Mr. Ponzi comes to Delray Beach
Two thousand investors poured more than $600 million into NRIA. A proposed Delray Beach development was among those used to raise money.
Small bombshells explode everywhere in hundreds of pages of court documents detailing the finances and fraud allegations against National Realty Investment Advisors and its principals.
Why should Florida care? While it’s not known how many Florida investors were among the 2,000 who poured more than $600 million into NRIA, the company used a proposed Delray Beach project to raise money flowing into the scheme, an apartment complex planned for Southeast First Avenue. It wasn’t the only Delray property NRIA was involved in, reporter John Pacenti wrote in The Coastal Star.
A federal grand jury, the New Jersey Bureau of Securities and the U.S. Securities and Exchange Commission all describe a Ponzi-like scheme, in which new investors in real estate projects were told they were reaping profits. In actuality, their profits were mostly money from newer investors — the hallmark of the fraudulent scheme Charles Ponzi made infamous in 1920.
A wife, an ex-wife and a romantic friend. New Jersey resident Thomas Nicholas Salzano is the man most often mentioned in the criminal allegations, and the only one whose past and present romantic liaisons are pulled into the picture. More than $1.2 million went to his wife, his ex-wife and a person with whom he had “a romantic” relationship, said the federal indictment. The SEC found the wife’s income was suspect in part because she received money from NRIA but did not work there: Her occupation was babysitter.
None of the three is charged with criminal or civil fraud.
Big spenders. Where else did the money go? Some money from new investors was given to previous investors as profits. But not all of it. The feds tracked investors’ cash to, among other things, luxury cars, antiques, jewelry, envelopes of cash and $91,000 spent at the Jersey shore, which may include $26,000 paid for a weeklong birthday party.
And, because the feds can be cruelly detailed when they want, the indictment also says some of the ill-gotten gains were spent on erectile dysfunction drugs.
Not the first fraud allegation rodeo. The Federal Trade Commission charged that Salzano helped orchestrate a nationwide telecommunications scheme between 2002 and 2004. The company promised to slash phone and internet bills to churches, municipalities and other groups. Instead, it left them in debt to collection agencies.
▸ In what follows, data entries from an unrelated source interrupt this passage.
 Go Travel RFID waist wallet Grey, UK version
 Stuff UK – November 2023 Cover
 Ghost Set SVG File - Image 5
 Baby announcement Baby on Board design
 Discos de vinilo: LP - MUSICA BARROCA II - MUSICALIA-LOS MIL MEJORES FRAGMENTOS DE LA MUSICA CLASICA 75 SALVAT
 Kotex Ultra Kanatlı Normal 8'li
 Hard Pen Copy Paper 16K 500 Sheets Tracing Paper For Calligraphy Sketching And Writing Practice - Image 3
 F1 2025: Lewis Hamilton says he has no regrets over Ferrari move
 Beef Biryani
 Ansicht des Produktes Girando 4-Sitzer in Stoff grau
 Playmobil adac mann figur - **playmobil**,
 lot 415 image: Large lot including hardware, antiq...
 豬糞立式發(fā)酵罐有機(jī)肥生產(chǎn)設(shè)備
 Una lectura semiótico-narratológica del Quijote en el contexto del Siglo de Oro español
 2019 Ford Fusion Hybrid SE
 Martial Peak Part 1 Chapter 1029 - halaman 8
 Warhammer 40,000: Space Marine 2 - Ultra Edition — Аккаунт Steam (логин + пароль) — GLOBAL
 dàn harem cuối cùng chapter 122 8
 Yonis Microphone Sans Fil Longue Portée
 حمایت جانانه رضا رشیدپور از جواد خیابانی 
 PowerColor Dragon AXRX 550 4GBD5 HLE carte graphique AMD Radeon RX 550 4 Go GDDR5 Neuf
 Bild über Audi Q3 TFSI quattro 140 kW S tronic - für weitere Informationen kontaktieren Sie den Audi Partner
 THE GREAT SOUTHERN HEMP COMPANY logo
The FTC settled with the company for $50 million in 2006.
In 2013, Salzano pled guilty to five counts of theft by fraud in Louisiana in connection with the scheme.
A shadow CEO. According to the 18-count federal indictment, Ren Grabatto II, identified as the head of NRIA and its investment fund, was never in charge. Salzano pulled the strings. In order to hide Salzano’s past, NRIA spent hundreds of thousands of dollars to have an Indian firm scrub the web clean of his history; including fake social media posts and misleading websites. One such website stated the telecommunications company was a non-governmental operation established to raise awareness about melting glaciers and rising sea levels.
There’s more to come: NRIA’s assets are tied up in U.S. Bankruptcy Court, where it filed Chapter 11 last June. In federal court in New Jersey, Salzano has pleaded not guilty to all 18 criminal counts stemming from his role at NRIA.
Grabatto hasn’t been served with the SEC civil complaint. As of Jan. 31, he could not be found. The securities agency believes he is in the Philippines. It isn’t giving up. The SEC has hired a private investigation firm to scour the country for the executive.